For the Volume 2, Sturgill Simpson and the Hillbilly Avengers worked their magic in Cowboy Jack Clement’s Cowboy Arms Hotel and Recording Spa.  They ended up working up four songs a day in the same space where Waylon Jennings, Kris Kristofferson, and Johnny Cash had played. “Studying these songs, I was able to really see my growth in writing songs and learning to tell stories better,” says Simpson. “Hearing them stripped down, really raw and exposed, the stories stand out even more than they did on the actual albums. On a lot of them, there wasn’t really any fat to cut out or really change, and the ones I did approach thinking ‘How can we do this different?’ just didn’t work. So it made me feel a lot better and more confident in myself as a songwriter, and made me realize wherein lies the challenge moving forward and how to break out of the structures and find new ways to do things.”
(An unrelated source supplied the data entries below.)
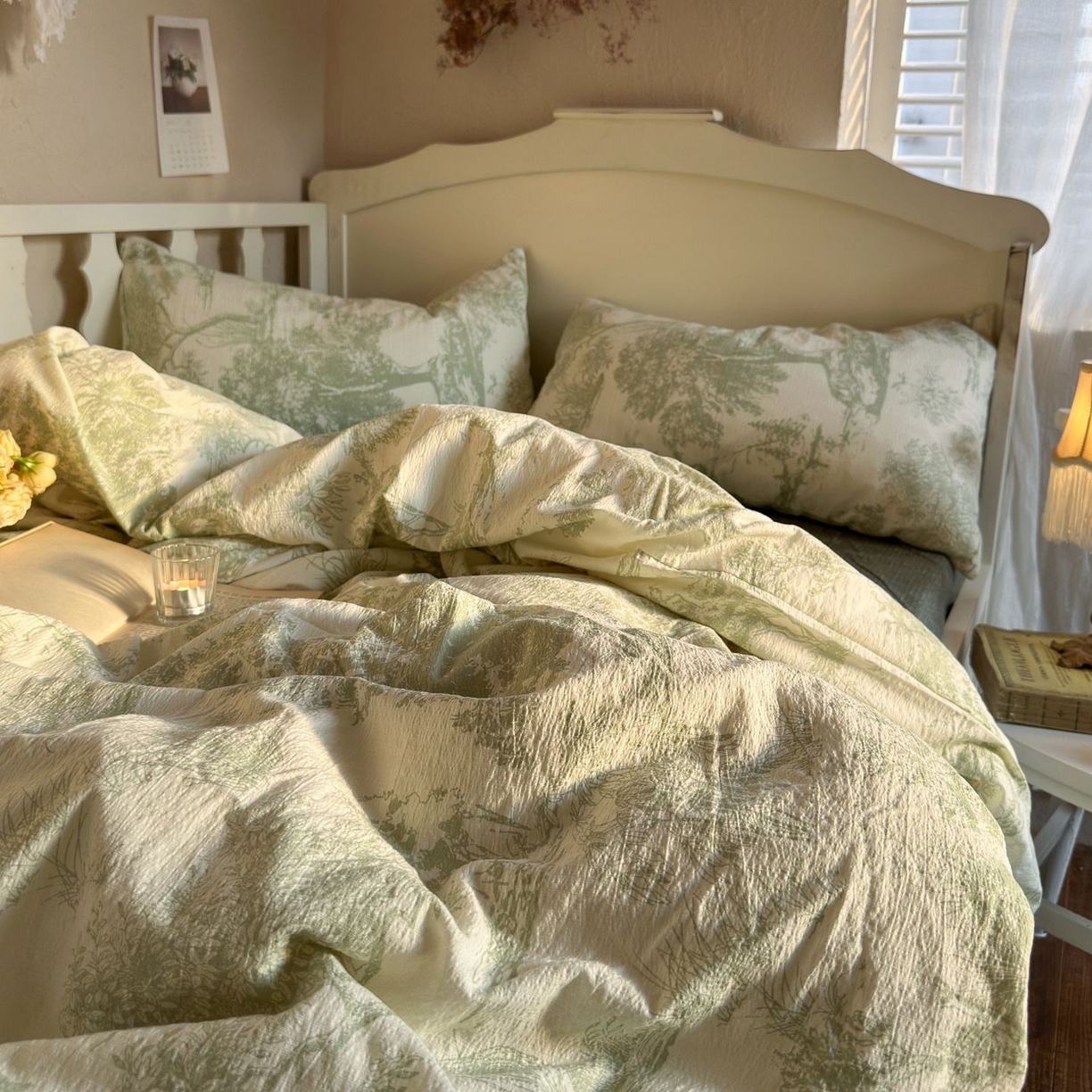 91家纺网 家纺一手货源 找家纺 初念 2025新款1亚麻复古诧季风系列皱皱纱提花四件套(提供买家秀） 诧季风-烟雨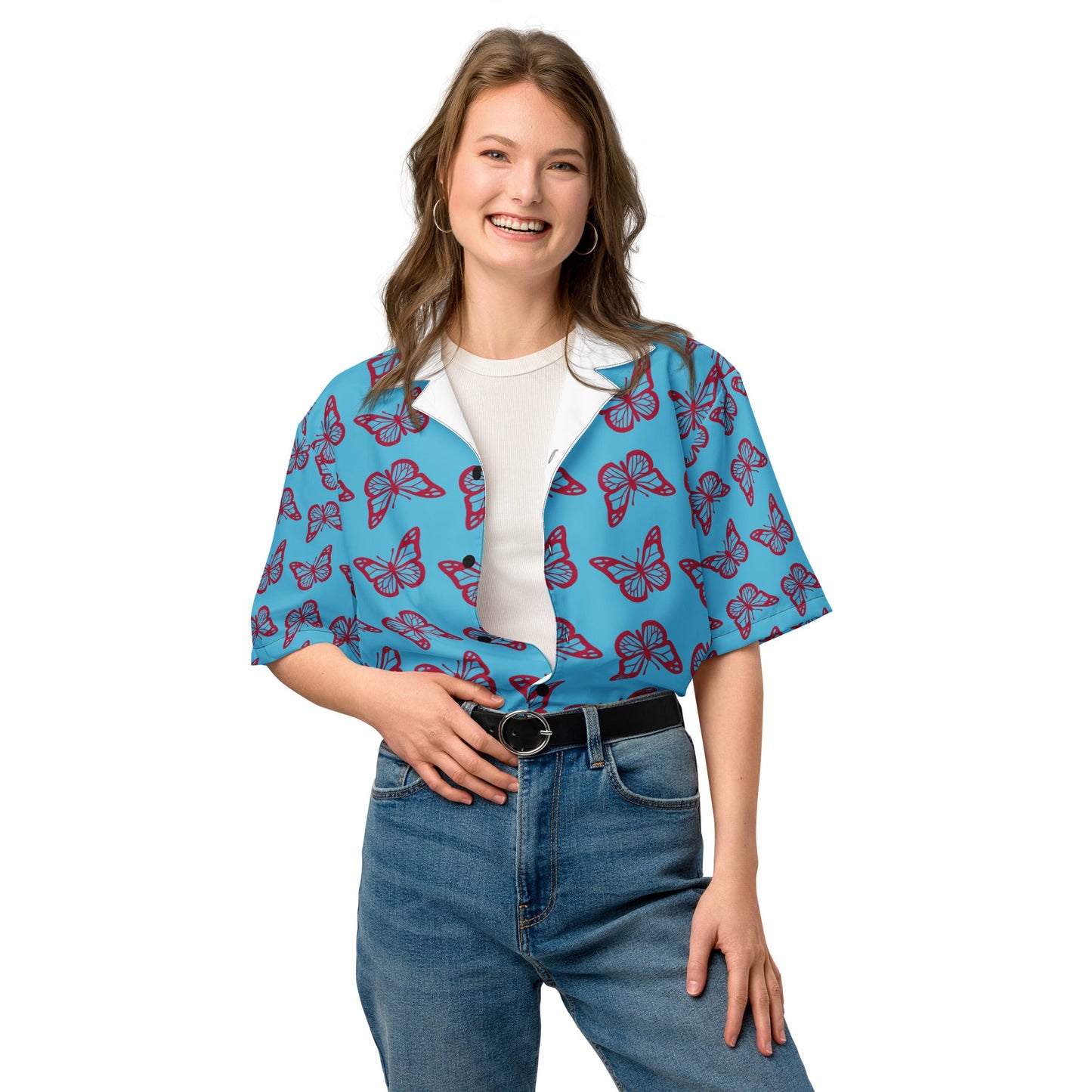 Casual Summer Shirt in sky Blue - Unisex butterfly Floral Button Down - PratSN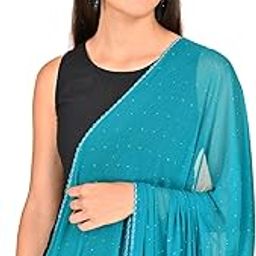 Chiffon Dupatta for Women's| With All Over Designer Ditsy Swarovski Work and Matching Scallop Lace|Perfect Ethnic Wear, Casual Wear| 2.3 Meters-12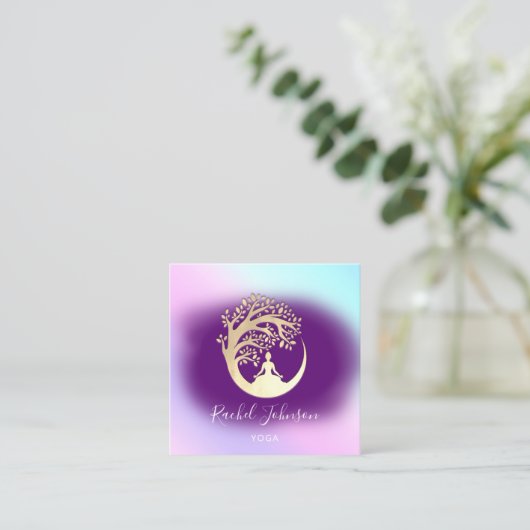 ヨガクラススクールロゴインストラクターQR Heal Violet スクエア名刺 (スタンド正面)
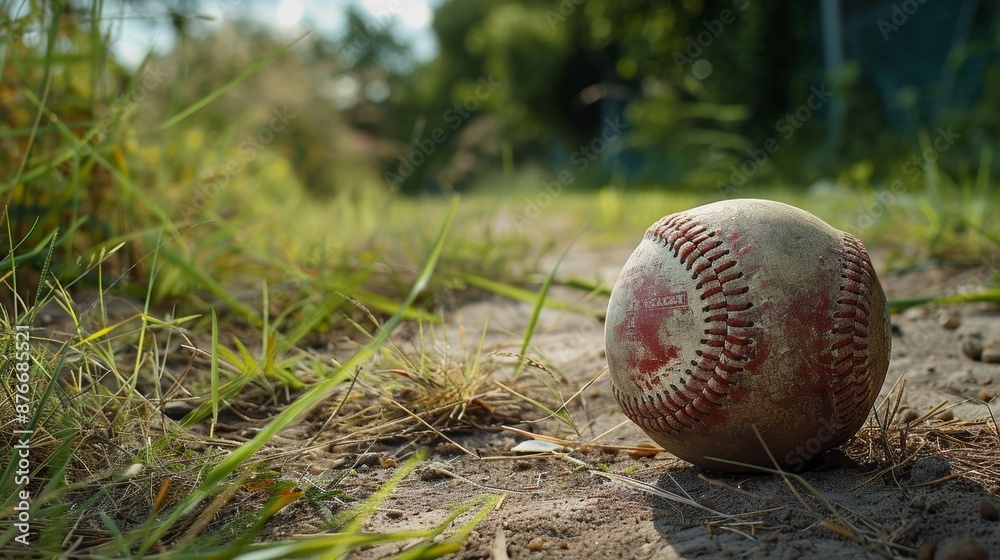 Weathered baseball lying on a dirt path with grass. Concept of sports nostalgia, outdoor games, and childhood memories. Weathered baseball lying on a dirt path with grass. Concept of sports nostalgia, outdoor games, and childhood memories.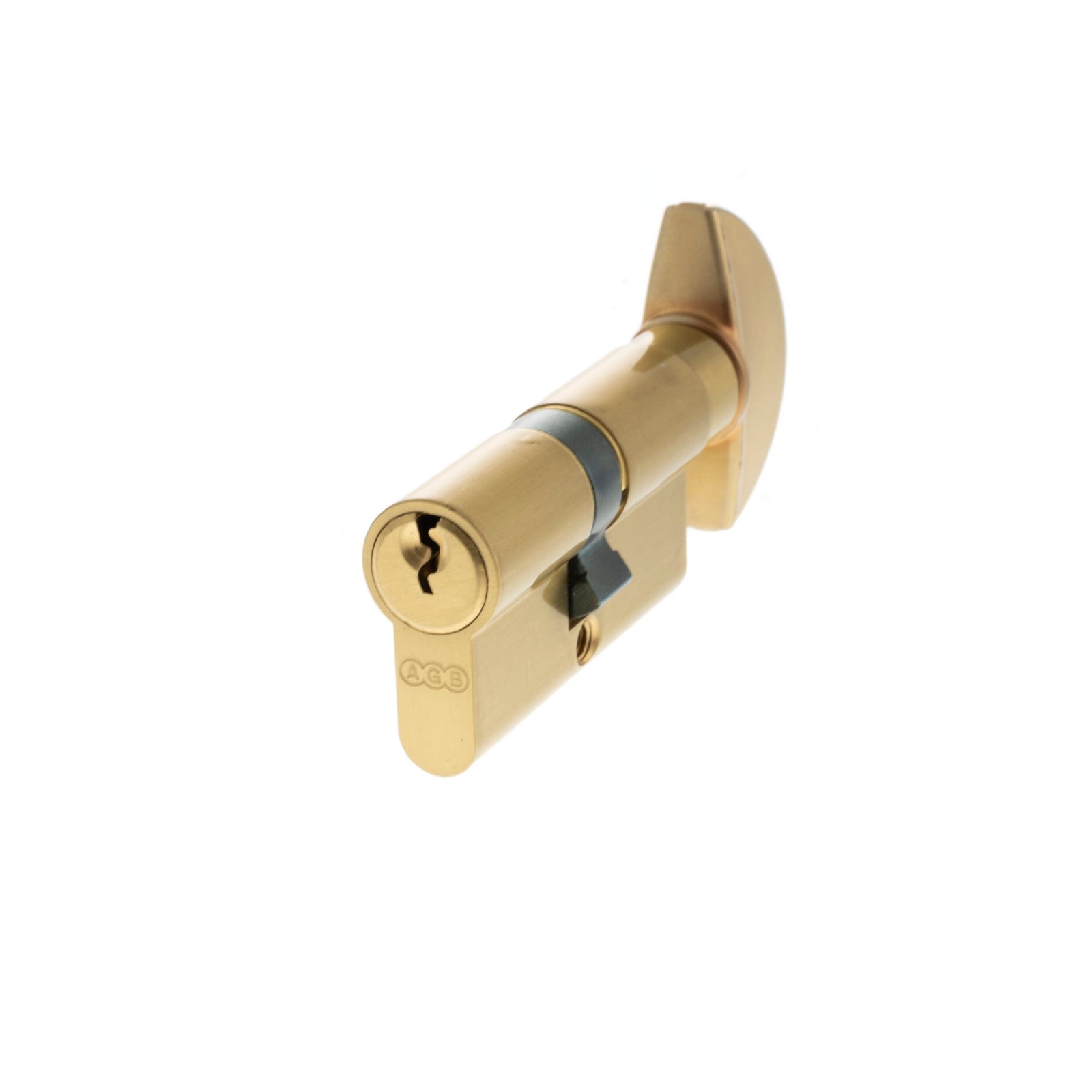 AGB Euro Profile 5 Pin Cylinder Key to Turn 30-30mm (60mm) in Satin Brass Cylinder Atlantic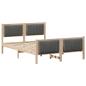 Preview: Bettgestell Braun und Dunkelgrau 135 x 190 cm Massivholz Kiefer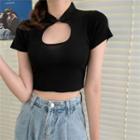 Cutout Short-sleeve Knit Cropped Top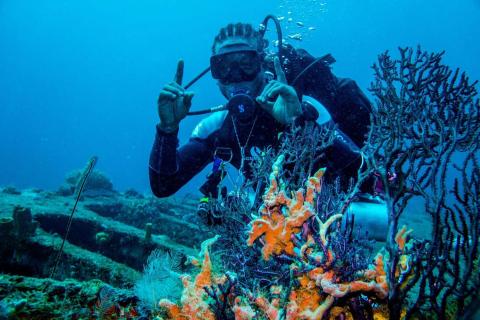 Scuba diver with raised fingers by colorful coral reef underwater.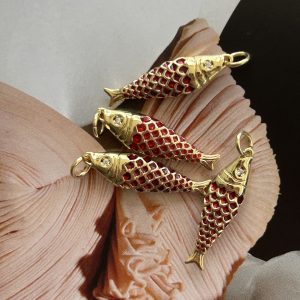 Pendant Pez Rubí - Colección Deep Ocean- 25 mm - 1 unidad - Oro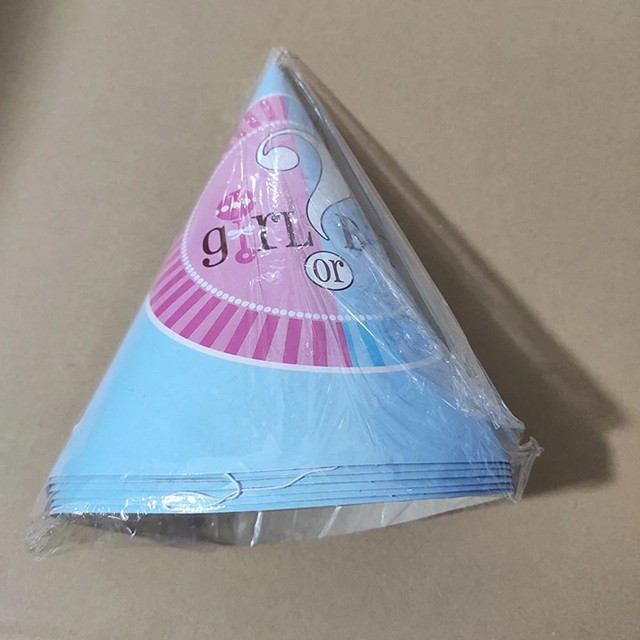 Set 6 Coifuri Gender Reveal, Girl or Boy, din Carton, 20 x 14 cm, Roz/Albastru [2]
Is the last of the bluegrass series of Sturgill Simpson projects?  From the sounds of it, fans can look forward to more albums.  “Cuttin’ Grass will be my retirement plan,” he says. “I’ve got one more album to do in terms of the five-album narrative I’ve always been talking about, and after that. I’ll just keep cuttin’ grass—there’ll probably be 17 of these things when it’s all said and done. But I’ve also learned that I don’t want to put any boundaries on myself ever again. Even with Sailor’s Guide or Sound & Fury, I went in saying ‘This is what I want to do,’ and then you get in there and you’re sort of riding that lightning. You don’t ever want to put any limitations on your own expression or creativity.”

In the meantime, Sturgill Simpson feels liberated by the chance to record and release his music on his own schedule, no matter how breakneck the speed. “I can’t believe I’m putting two records out in two months,” he says. “I like having fun and not having to wait on anybody else’s timeline, and putting things out while I’m still in that creative headspace. It’s really rewarding, because I’m still excited about this music the first time fans are hearing it.”